Остальное — хитросплетение устного и печатного слова, изрядно сдобренное игрой воображения. Корнелиус снова проиграл в уме дуйсбургские воспоминания о том, как выползает из постели и украдкой спускается вниз послушать, что рассказывает отец дяде Фридриху. Десятилетний мальчишка, он тогда не понимал этих рассказов. На сей раз Корнелиус представил, как отец, перебрав виски и гордый тем, что наконец после череды поражений выиграл шахматную партию у Фридриха, заявляет брату, пока в семейных кругах можно еще было безнаказанно разговаривать: «Надо хвататься за удобный случай. А не можешь ухватиться сразу — составь план. Как я с картиной. А то вон мой подручный заприметил чайный сервиз в одном еврейском доме да и решил кинуть его себе в сумку. Пришлось остановить. Собственность фюрера».

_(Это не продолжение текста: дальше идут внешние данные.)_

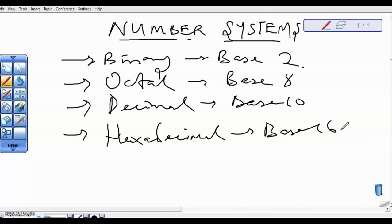And the hexadecimal goes from 0 to 15. Note that from 10 to 15 are represented using the letters A, B, C, D, and E.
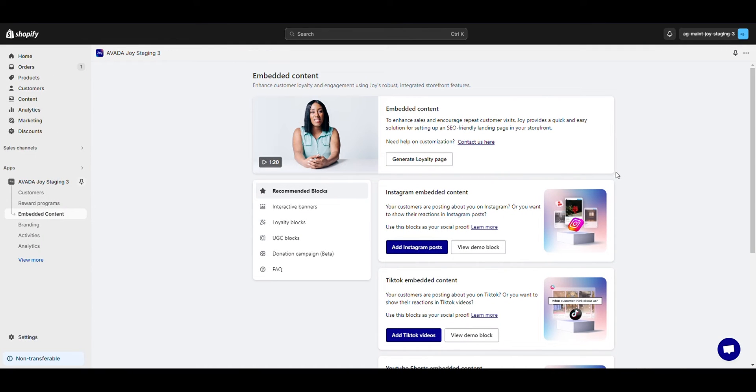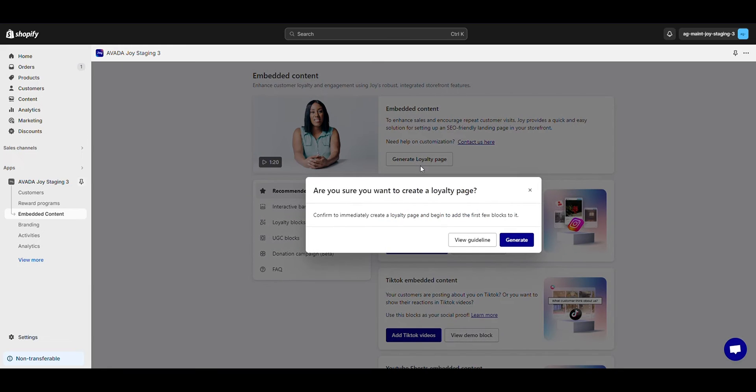To kick off your loyalty page, simply hit Generate Loyalty Page. You'll land on a blank slate, ready for you to bring your loyalty page to life.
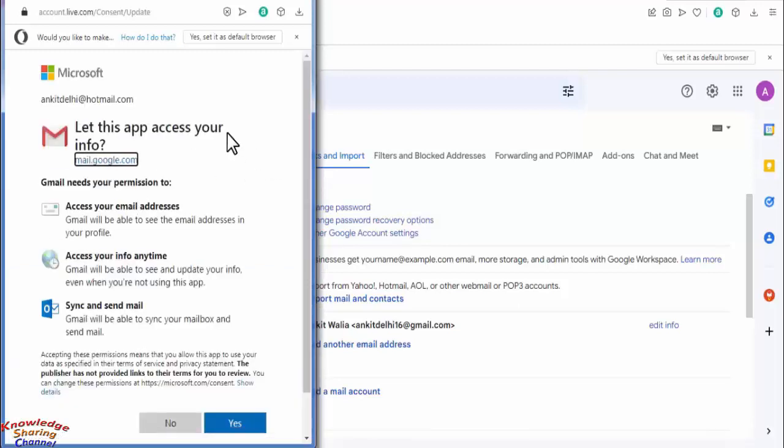Now here we need to give some permissions. For that click on yes.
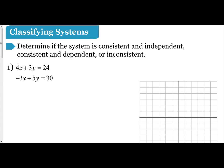In the following video, we're going to practice classifying systems of equations based off of the different classifications we learned in the previous video. These classifications are consistent and independent, consistent and dependent, or inconsistent.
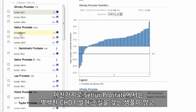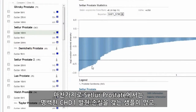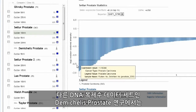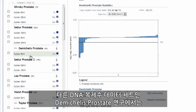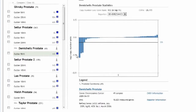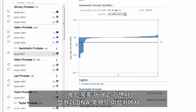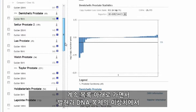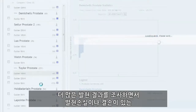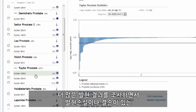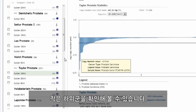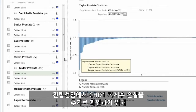Similarly, in the Setlur prostate study, we have a number of samples that have apparent loss of CHD1 expression. And in another DNA copy number dataset, the de Mitchellis prostate study, we have a loss in a subset of samples as well. We can continue further down the list, exploring more of the expression results in outlier analysis — both in expression and in DNA copy — observing the small subset where there is either loss of expression or deletion.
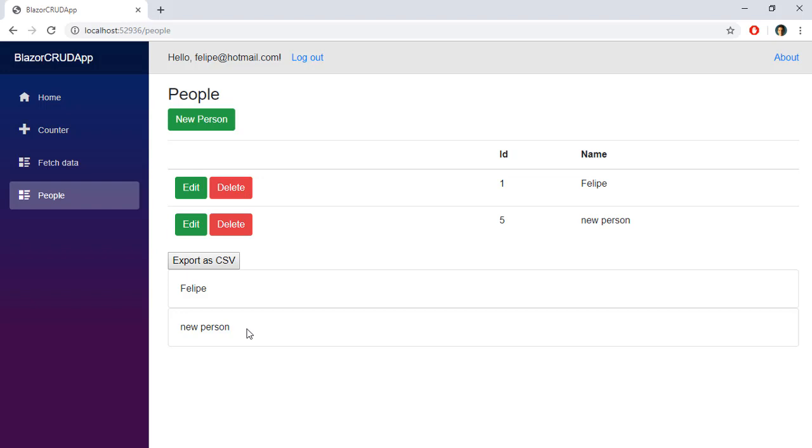In this video we learned how to use RenderFragments to pass content as a parameter to a component, and how to use the @typeparam directive to create generic components which can handle several data types. If you like this video, please subscribe to my channel and let me know what you want me to cover next. Thanks!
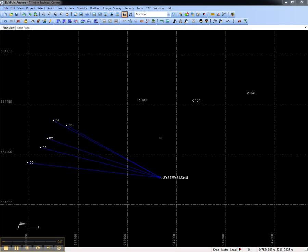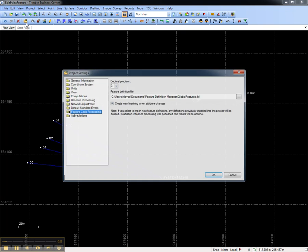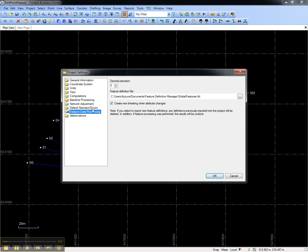The first step in feature code processing is to select the feature definition or FXL file. To do this you can import the FXL file or you can select it by going to Project Settings, Feature Code Processing and select it under Feature Definition File.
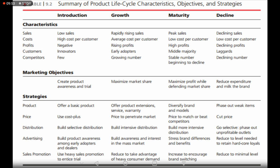At the maturity stage, you charge prices to match or beat competitors. If you have established brand loyalty, you price based on the value customers place on your product relative to competitors — if customers value your product more, you can charge more. At the decline stage, you cut prices because customers are moving away, and many companies offer discounts to dispose of their stock.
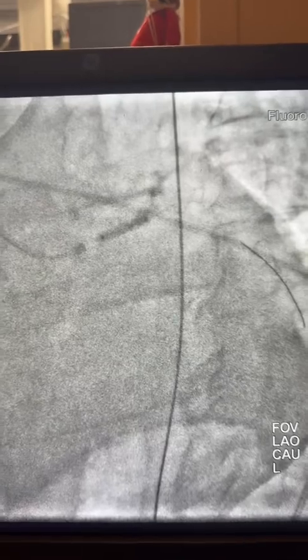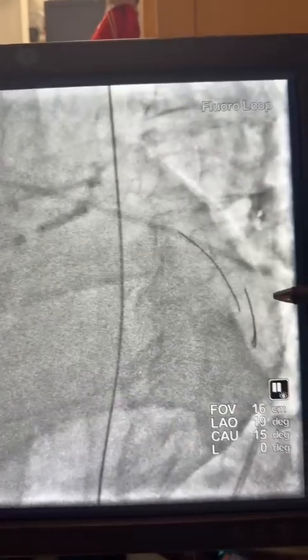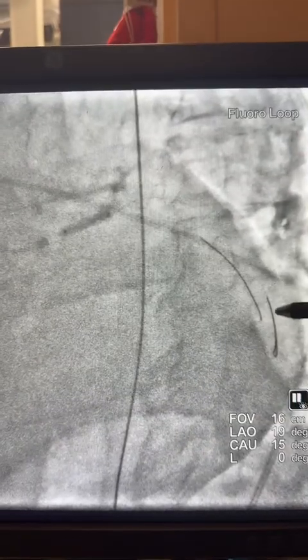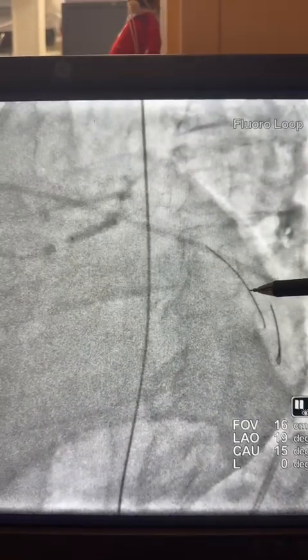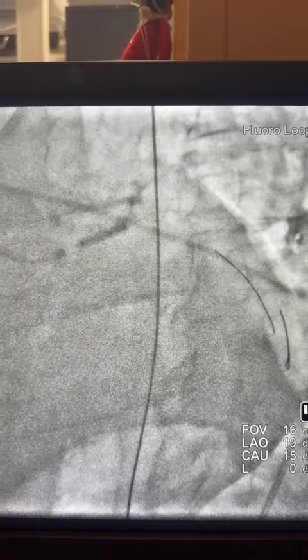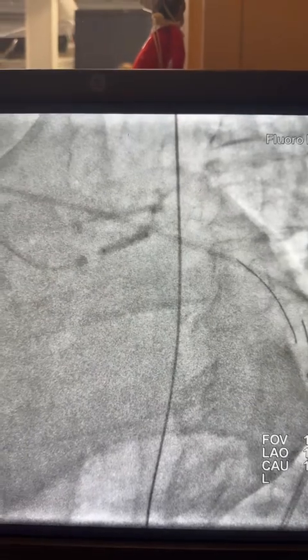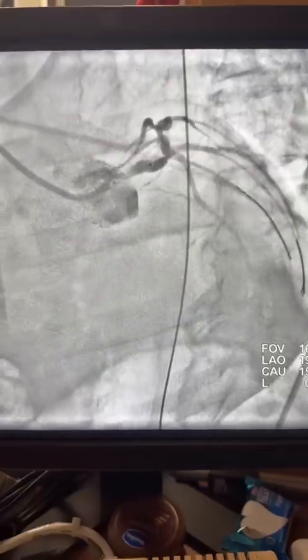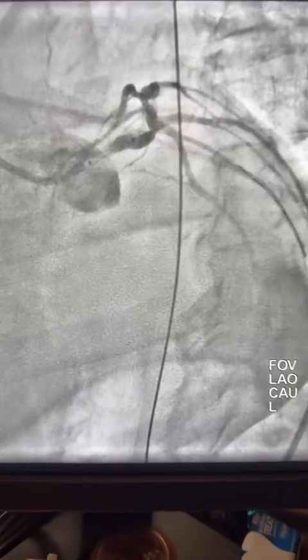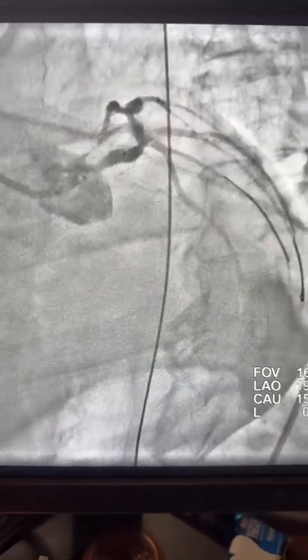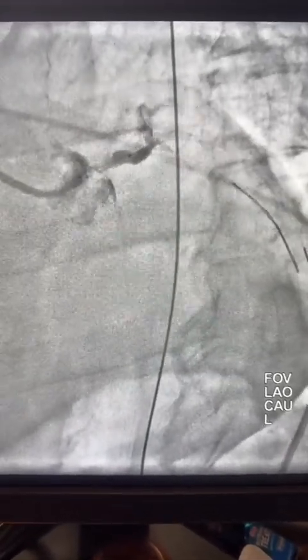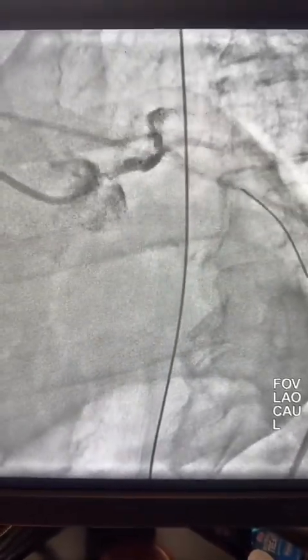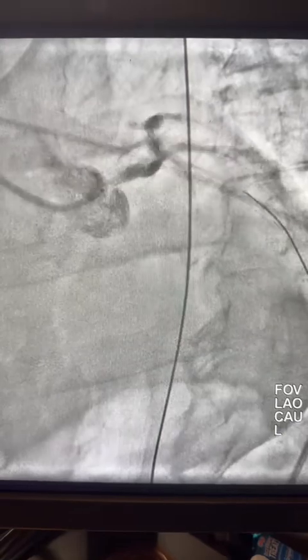If you see here, I placed another wire. This is the main wire, and there is another run-through wire. I placed it as a body wire to allow advancing the stent. Here is the angiogram after the Shockwave, and you can see two wires.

Корнелиус не раз читал об этих событиях. Наутро после облавы по улицам поедут грузовики компании «Авраам Пульс и сыновья» собирать оставленные евреями вещи и свозить их в Хаусратерфассунг, немецкую службу по описи домашнего имущества.

«Вот тогда-то я и увидел картину. Она висела на стене, позади этого вороватого дурака, прямо за его головой, и светилась сочными красками — голубым, желтым, коричневым, будто лакированная. Такое мог написать только крупный голландский мастер. Тогда же нашли мальчишку, спрятавшегося в шкафу за тарелками и скатертями. Мы чуть не пропустили его. Помощник уничижительно посмотрел на меня: как можно быть таким невнимательным. Знай он цену картине или затаи обиду за чайный сервиз, мог бы и донести».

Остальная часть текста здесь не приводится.